見どころは、徐々に精神的に追い詰められていく彼女が、同じ時期に女優として劇中劇『ダブル・バインド』で多重人格女性を演じていることもあり、次第に己の深層心理を映し出す「もう一人の自分」の登場という幻覚に度々襲われ始め、現実と虚構の区別がつかなくなっていく過程だろう。実に見事な演出だ。たしかに「サイコスリラー」と称されるように、劇中劇をうまく活用したフェイク・シーンが多用され、見る方も未麻の心理同様、平衡感覚を失う。
しかし、迷宮に誘われ、夢と現実の狭間で翻弄される快感だけが持ち味ではない。

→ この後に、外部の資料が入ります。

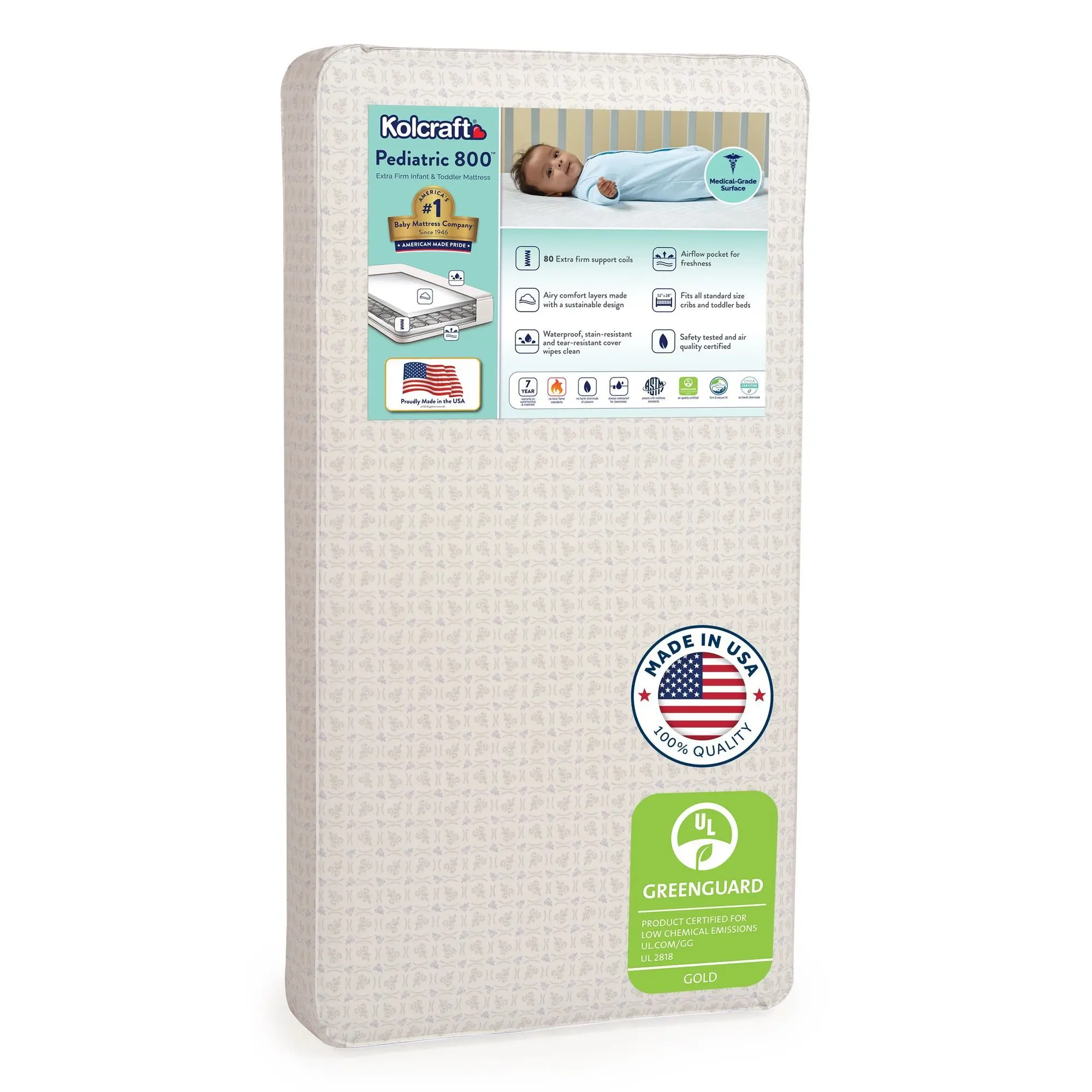 Kolcraft Pediatric 800 Extra Firm Crib & Toddler Mattress, 80 Coil, Waterproof, Ecru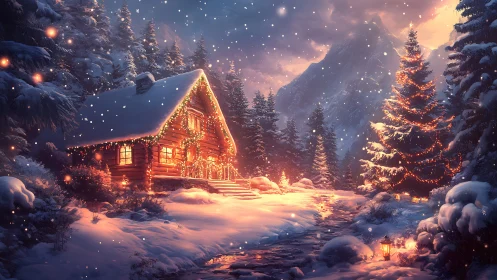 Snowy log cabin with glowing Christmas lights at dusk.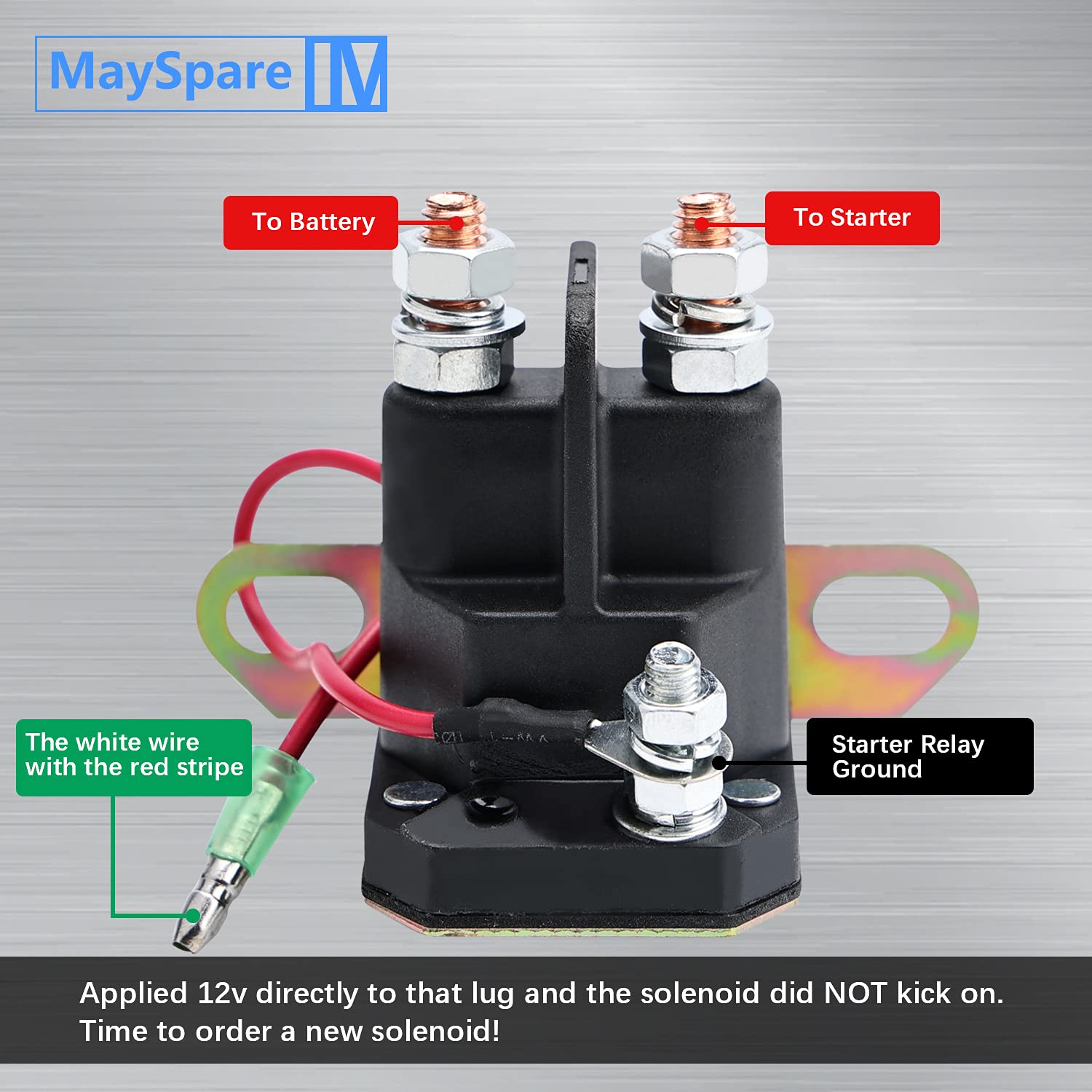 MaySpare solenoid next to ruler showing compact size for fit verification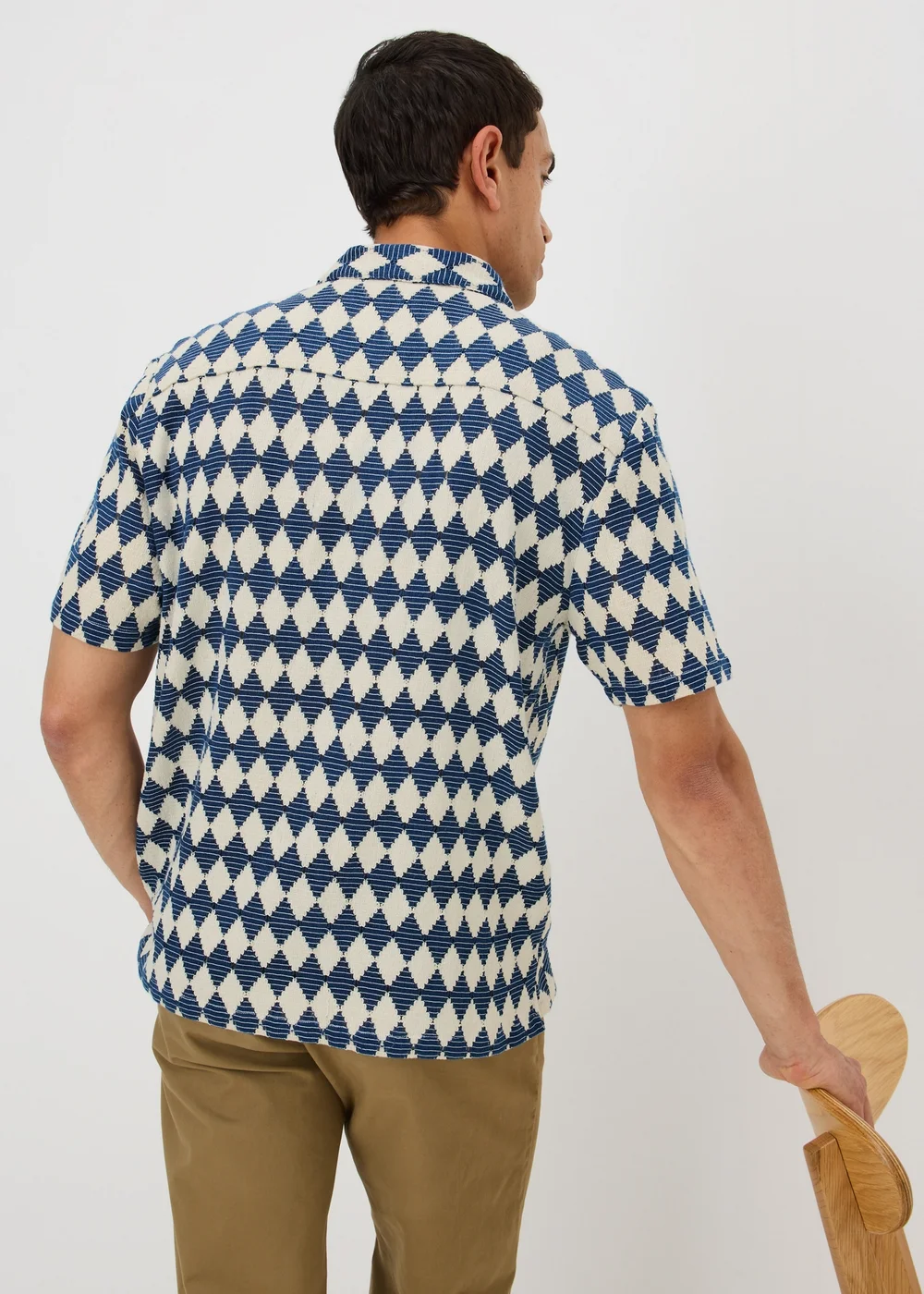 Blue Crochet Diamond Texture Shirt - S Image 2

物語の骨格自体は実にしっかりとしており、最後にはきっちりと謎も解明され、着地したという安心感を失わない。つまり、巧みに計算された一級のミステリーにも仕上がっている。
今敏監督は今一番「買い」の映像作家だろう。誇張ではなく、宮崎駿とは異質のファンタジーを創造することによって、彼の後継者と目される人になると思う。周知の通り、黒人とつり目の北東アジア人が登場しない点が宮崎ファンタジーの限界である(宮崎キャラは欧米ではよく「ユーロピアン・ルッキング」と評される。しかし、今敏はかつて酒見賢一が『後宮小説』で、また鈴木光司が『楽園』でカラードのファンタジーを描いてみせたように、われわれの世界に真に根ざした物語を違和感なく創造できる人だ。

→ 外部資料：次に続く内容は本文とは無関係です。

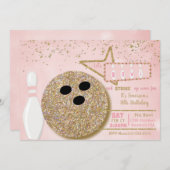 ボーリングをするパーティー、誕生日のピンクのグリッターの一見第10 招待状 (正面/裏面)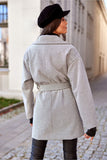 Chic Mid-Thigh Lapel Collar Coat with Flap Pockets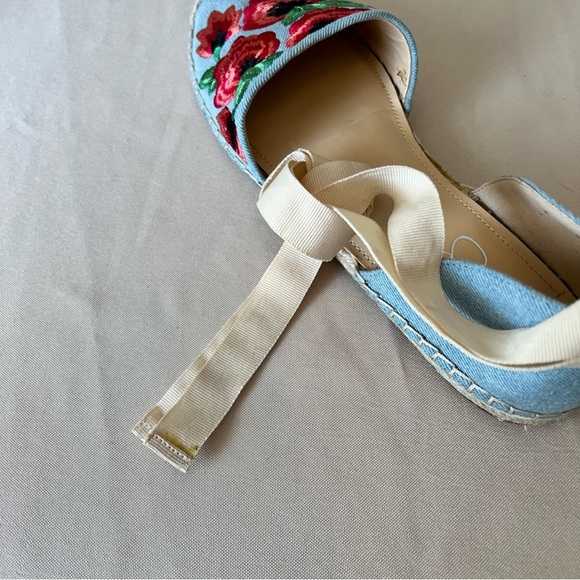 Jessica Simpson Fippo Floral Embroidered Denim Espadrilles Size 10 M EUC - Picture 12 of 16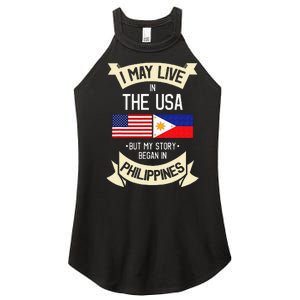 Philippines American Flag USA Filipino Roots Gifts Women's Perfect Tri Rocker Tank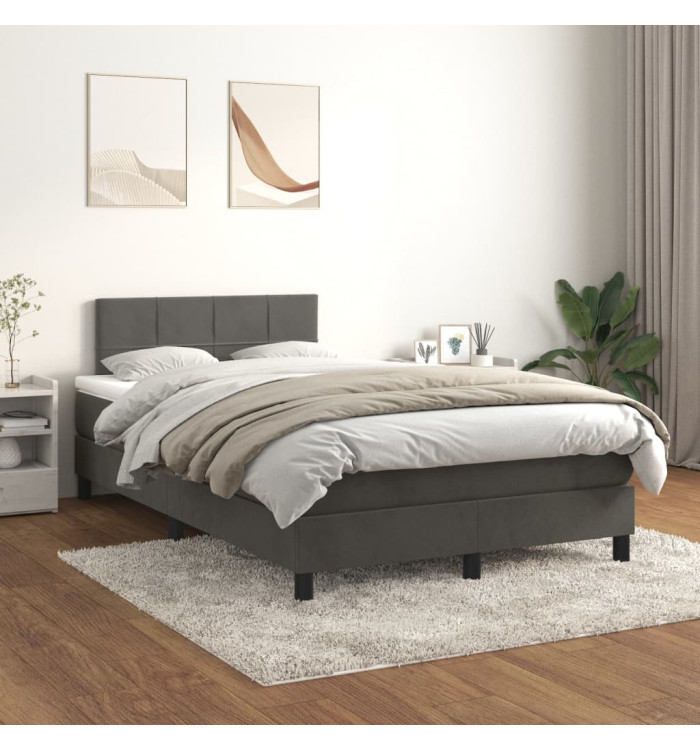 Sommier à lattes de lit et matelas Gris foncé 120x200cm Velours | Mobilier & Déco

(2016年付記:今敏さんは2010年8月にガンで亡くなられました。前半では、冒頭で『君の名は。』の新海誠監督について触れましたが、私は将来、日本と世界のアニメ界を背負って立つのは新海誠さんと並んで今敏さんだと確信していたので、本当に残念でなりません。この場を借りて、心よりご冥福をお祈りしたいと思います。
ところで、今敏監督は上の「パーフェクトブルー」で一躍脚光を浴びた方ですが、マイベストはやはり『千年女優』ですね。これはかのスピルバーグも大絶賛だったそうです。というわけで、アイキャッチ画像は、レビューしたわけでもないのに、同作品の絵を使わせていただきました(笑)。締めはやはり一番のオススメにしたいです)
アニメ映画『千年女優/Millennium Actress』を是非ご覧あれ!